**What is being asked**
Show each line from the records below in which the word "Case" occurs.

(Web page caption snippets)
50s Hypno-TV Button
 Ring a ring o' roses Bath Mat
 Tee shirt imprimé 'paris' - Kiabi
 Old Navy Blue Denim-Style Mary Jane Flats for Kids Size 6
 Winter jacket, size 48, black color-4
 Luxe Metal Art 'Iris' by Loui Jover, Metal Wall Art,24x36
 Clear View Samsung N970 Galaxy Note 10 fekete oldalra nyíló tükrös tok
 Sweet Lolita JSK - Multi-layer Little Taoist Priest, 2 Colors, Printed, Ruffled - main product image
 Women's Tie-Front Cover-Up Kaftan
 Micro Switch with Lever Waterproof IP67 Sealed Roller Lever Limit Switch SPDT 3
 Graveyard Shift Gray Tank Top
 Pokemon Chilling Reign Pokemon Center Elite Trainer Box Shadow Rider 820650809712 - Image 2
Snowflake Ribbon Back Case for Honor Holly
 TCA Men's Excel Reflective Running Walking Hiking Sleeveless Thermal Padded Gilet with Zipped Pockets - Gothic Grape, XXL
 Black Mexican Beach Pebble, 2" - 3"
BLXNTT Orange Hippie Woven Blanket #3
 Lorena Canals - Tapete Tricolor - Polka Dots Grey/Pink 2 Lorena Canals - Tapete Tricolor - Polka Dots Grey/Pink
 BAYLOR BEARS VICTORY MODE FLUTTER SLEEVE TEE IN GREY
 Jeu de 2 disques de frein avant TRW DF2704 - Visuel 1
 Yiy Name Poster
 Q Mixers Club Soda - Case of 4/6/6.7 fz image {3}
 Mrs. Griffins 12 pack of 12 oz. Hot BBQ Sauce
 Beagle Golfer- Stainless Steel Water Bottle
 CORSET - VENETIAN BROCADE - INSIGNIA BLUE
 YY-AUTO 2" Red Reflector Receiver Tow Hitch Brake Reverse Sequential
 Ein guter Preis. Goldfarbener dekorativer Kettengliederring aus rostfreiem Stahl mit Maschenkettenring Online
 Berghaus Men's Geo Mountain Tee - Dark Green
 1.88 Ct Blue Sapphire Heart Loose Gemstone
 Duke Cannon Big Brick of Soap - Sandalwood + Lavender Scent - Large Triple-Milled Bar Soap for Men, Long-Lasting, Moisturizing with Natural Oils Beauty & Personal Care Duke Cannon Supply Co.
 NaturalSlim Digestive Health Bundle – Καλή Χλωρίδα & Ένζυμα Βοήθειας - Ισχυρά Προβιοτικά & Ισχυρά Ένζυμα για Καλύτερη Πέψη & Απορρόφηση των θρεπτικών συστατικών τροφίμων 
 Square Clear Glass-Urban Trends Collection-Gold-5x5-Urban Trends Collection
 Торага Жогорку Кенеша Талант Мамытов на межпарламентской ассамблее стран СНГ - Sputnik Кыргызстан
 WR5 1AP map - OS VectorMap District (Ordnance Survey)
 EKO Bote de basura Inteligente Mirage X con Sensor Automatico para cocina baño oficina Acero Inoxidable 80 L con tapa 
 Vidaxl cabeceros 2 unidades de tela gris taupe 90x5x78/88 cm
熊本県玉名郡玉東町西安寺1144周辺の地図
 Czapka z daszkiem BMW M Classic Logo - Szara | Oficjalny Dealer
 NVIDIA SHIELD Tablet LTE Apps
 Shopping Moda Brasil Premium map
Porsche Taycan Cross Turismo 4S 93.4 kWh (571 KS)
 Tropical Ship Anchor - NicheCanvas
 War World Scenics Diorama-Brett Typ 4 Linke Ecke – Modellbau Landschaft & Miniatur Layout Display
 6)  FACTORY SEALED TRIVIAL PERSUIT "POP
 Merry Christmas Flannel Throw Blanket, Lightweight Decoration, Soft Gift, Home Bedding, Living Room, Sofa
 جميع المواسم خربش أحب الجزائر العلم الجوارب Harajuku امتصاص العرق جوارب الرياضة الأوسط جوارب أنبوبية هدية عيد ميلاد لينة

**Answer section**
Snowflake Ribbon Back Case for Honor Holly
 Q Mixers Club Soda - Case of 4/6/6.7 fz image {3}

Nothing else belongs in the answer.